Not only less options, but even more buggy. For example, macOS lacks option to select what version of PDF/A you want, or add the extra fine font tune (I don’t remember the name now) over MRC. For recognition, it has more options like detection of TOC.

And just now I’m OCR of first volume of 11th Britannica edition. macOS crashed, and before crash it complained about internal errors and about lack of scan quality, but Windows version is doing with only 3 warnings about language recognition.

Sometimes macOS version asks for a higher resolution scan, say 600 DPI. I do it and then lacks fo too much resolution, do it at 300, then it lacked of low resolution, do it at 600…

1 Like

Maybe if you have a colleague who has Windows and Adobe Acrobat (or similar), you could try there to get a clean OCR’ed version. Or there are Mac PDF products (but may depend also on PDFKit). Or Linux tools (but have forgotten more than I ever knew about Linux infrastructure). Stretched to end of my list of ideas.

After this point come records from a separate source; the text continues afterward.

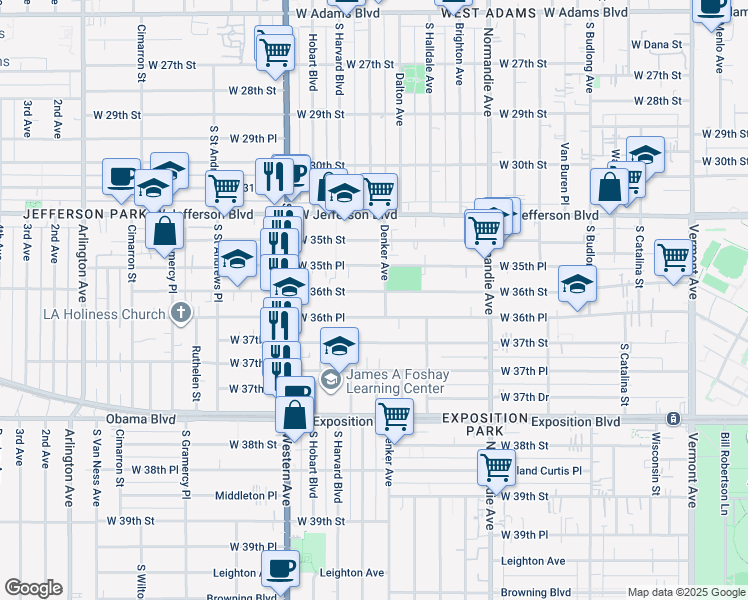 map of restaurants, bars, coffee shops, grocery stores, and more near 1559 West 36th Street in Los Angeles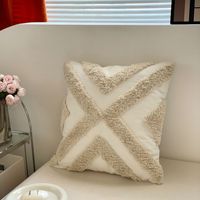 Coussin brodé fait main tufté du fabricant, taie d'oreiller épaisse à fils épais, à pompons, moderne, carré, rayé, pour la maison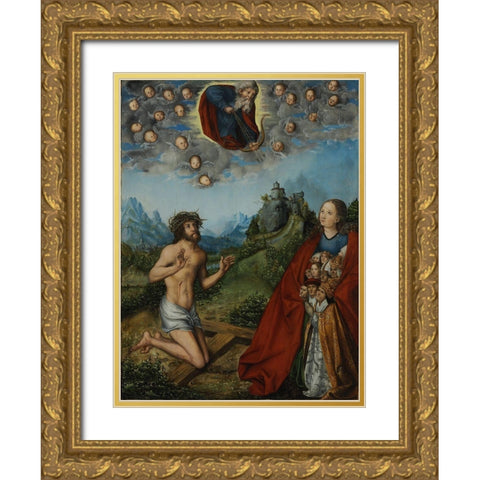 Christ and the Virgin Interceding for Humanity Gold Ornate Wood Framed Art Print with Double Matting by Cranach, Lucas the Elder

If it not illegal document nor private one, I can do the OCR for you (send me privately), but perhaps you can try from DT itself, right click -> OCR -> to searchable PDF.

Ah thanks for the explanation, now I totally see why it could potentially solve the issue. I’ll re-apply OCR to it and see if it works!

That’s quite a handful of ideas! I guess I’ll start from the basic (re-apply OCR in DT) and work my way up your list of ideas :smiley:

I had a huge PDF United Nations Document I tried over and over to OCR it. I think it was images of pages instead of real scan. On other docs like that DEVONthink and/or Preview got me thru troubles with at the UN document. But this and one other document had something in it that caused all tools to consume 22 gb of memory (on my 40 mb iMac) before simply stopping. Gave up. Reported to the vendors, whoever made the PDF in the UN needs some remedial computer training, I think.

1 Like

True, sounds like a horrible ordeal.

I cannot tell you how many documents like that I have had to work with. File arrives in HQ by mail, is printed out, stamped, scanned to PDF as image, sent on.

On the original topic (and I’m sorry I’ve joined the party so late), I’m pretty sure reapplying OCR will solve the problem (which was why I asked the question I did further up there somewhere). @xurc let us know whether you are successful :slight_smile:

Apologies for the delayed reply. I tried the following steps and indeed solved the issue:

  • Import the original PDF into DT again
  • Re-apply OCR to the PDF
  • Open the PDF produced by OCR and add some highlights to the text
  • Close the PDF and open it again
  • Verify that
    • I can still copy the content and paste it correctly elsewhere
    • The Annotations section of the Inspection pane can still display the highlighted content corrently

The only caveat is the size of the PDF produced by OCR, which went from 4.4 MB to 110 MB. I’ve encountered this issue multiple times and never figured out how to solve it, which is why I always shy away from OCR in DT whenever possible.

1 Like

Hold the Option key and choose Help > Report bug to start a support ticket. Zip and attach the original PDF for us to inspect. Thanks.